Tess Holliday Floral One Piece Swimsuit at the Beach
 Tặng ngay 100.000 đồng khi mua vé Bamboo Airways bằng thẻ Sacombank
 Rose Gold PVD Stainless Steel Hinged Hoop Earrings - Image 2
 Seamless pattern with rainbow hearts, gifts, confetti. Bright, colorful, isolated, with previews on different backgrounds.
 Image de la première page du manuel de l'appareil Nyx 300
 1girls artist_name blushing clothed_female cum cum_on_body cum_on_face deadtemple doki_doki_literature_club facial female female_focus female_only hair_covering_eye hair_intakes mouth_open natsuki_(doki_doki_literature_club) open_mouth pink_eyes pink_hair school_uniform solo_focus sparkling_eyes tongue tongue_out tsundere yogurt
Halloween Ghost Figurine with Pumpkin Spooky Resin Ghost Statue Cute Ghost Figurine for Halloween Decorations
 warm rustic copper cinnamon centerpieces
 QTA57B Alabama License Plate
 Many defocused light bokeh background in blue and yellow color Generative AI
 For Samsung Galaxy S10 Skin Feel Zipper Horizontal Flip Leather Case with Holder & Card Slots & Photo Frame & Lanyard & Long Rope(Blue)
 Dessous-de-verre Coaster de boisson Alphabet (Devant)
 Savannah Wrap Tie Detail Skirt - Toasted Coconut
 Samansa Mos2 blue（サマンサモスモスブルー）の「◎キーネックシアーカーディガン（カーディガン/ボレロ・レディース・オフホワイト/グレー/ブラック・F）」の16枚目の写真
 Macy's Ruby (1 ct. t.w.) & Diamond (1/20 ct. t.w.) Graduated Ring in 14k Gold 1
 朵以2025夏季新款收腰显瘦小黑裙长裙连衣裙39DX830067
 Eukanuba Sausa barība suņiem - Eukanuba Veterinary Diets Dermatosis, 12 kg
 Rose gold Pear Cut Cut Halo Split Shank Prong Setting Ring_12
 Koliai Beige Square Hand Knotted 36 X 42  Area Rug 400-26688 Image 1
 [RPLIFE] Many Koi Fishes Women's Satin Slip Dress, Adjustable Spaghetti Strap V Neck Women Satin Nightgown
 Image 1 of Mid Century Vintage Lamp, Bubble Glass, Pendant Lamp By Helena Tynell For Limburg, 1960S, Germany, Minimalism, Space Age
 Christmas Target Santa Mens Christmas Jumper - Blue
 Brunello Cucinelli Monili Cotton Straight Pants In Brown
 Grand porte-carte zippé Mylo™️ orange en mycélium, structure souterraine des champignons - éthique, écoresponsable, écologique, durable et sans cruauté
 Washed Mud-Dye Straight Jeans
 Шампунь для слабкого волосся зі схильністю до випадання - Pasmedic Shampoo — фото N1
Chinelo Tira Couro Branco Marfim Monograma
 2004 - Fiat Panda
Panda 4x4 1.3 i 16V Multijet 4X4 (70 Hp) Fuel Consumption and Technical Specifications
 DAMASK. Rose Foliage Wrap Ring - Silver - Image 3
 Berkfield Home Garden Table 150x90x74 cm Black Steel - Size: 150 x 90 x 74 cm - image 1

════

Exercise description — A complete answer lists each line of the data that holds the word "Wrap".

Response to the exercise —
 Savannah Wrap Tie Detail Skirt - Toasted Coconut
 DAMASK. Rose Foliage Wrap Ring - Silver - Image 3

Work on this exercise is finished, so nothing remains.